A 35-year-old man was admitted with an acute dissecting thoracic aneurysm involving the entire thoracic and abdominal aorta. The patient underwent operation in December, 1962, and femoral arterial and venous cannulation was performed for total cardiopulmonary bypass. During resection of the intimal tear above the aortic valve and graft replacement of the ascending aorta, the vessels of the aortic arch were noted to be soft. The patient’s pupils became dilated and fixed. He did not regain consciousness after operation and died a day later. Postmortem examination demonstrated that the arterial cannula was inserted into the true lumen, from which false-channel perfusion had evidently occurred through a large reentry site in the distal abdominal aorta.
In both cases the patient’s death was due to a combination of mechanical and hemodynamic factors. Although the femoral catheters were placed within the proper lumen, the jet stream of perfusate had apparently selectively passed through a distal reentry site, thereby distending the false channel and secondarily cutting off the blood supply to the brain and other proximal organs. There are no descriptions in the literature of similar accidents during treatment of dissecting aneurysms.
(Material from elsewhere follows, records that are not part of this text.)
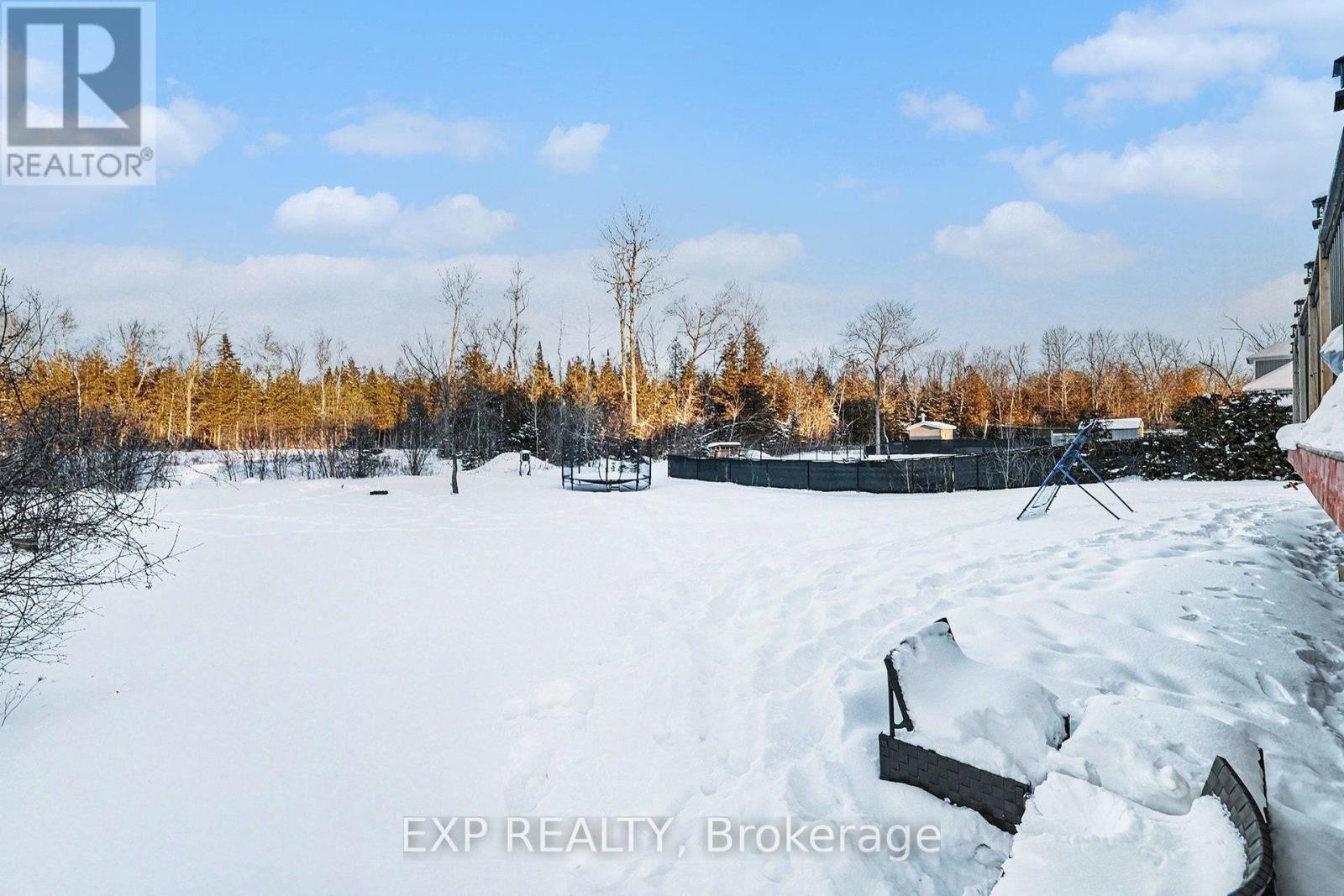 












39 WHITE TAIL DRIVE N

,
Mississippi Mills,




Ontario
K0A1A0

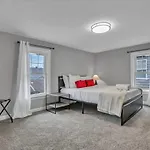 The Huron Charmer-4 Bd And Yard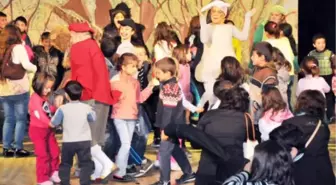 La Fonten Orman Mahkemesine Çocuklardan Yoğun İlgi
The risk from this kind of complication probably could be reduced significantly by using branches of the aortic arch for insertion of the arterial cannula (Fig. 1), particularly if appropriate preoperative angiographic studies of the potential insertion sites were obtained. An example of the kind of useful information that could be acquired in advance is shown in Figure 2. In this case of Type I acute dissecting aneurysm, a catheter inserted by transfemoral puncture left the true lumen and entered the false lumen at the level of the common iliac artery. As a consequence, the dye injection in the thoracic aorta was into the false lumen (Fig. 2A). In contrast, the continuity of the true lumen of the innominate and left subclavian arteries was proved in the same patient (Fig. 2B) by right brachial catheterization. Cardiopulmonary bypass was satisfactorily carried out using the axillary arteries for arterial inflow.
Two patients with Type I dissecting aneurysm of the aorta died of hemodynamic accidents during cardiopulmonary bypass. In both cases the arterial cannula was inserted into the true femoral artery lumen, but the jet stream of the perfusate apparently passed selectively through a reentry site into the false lumen. Cerebral perfusion was inadequate, and death followed from irreversible brain injury. Ways of preventing this complication are described.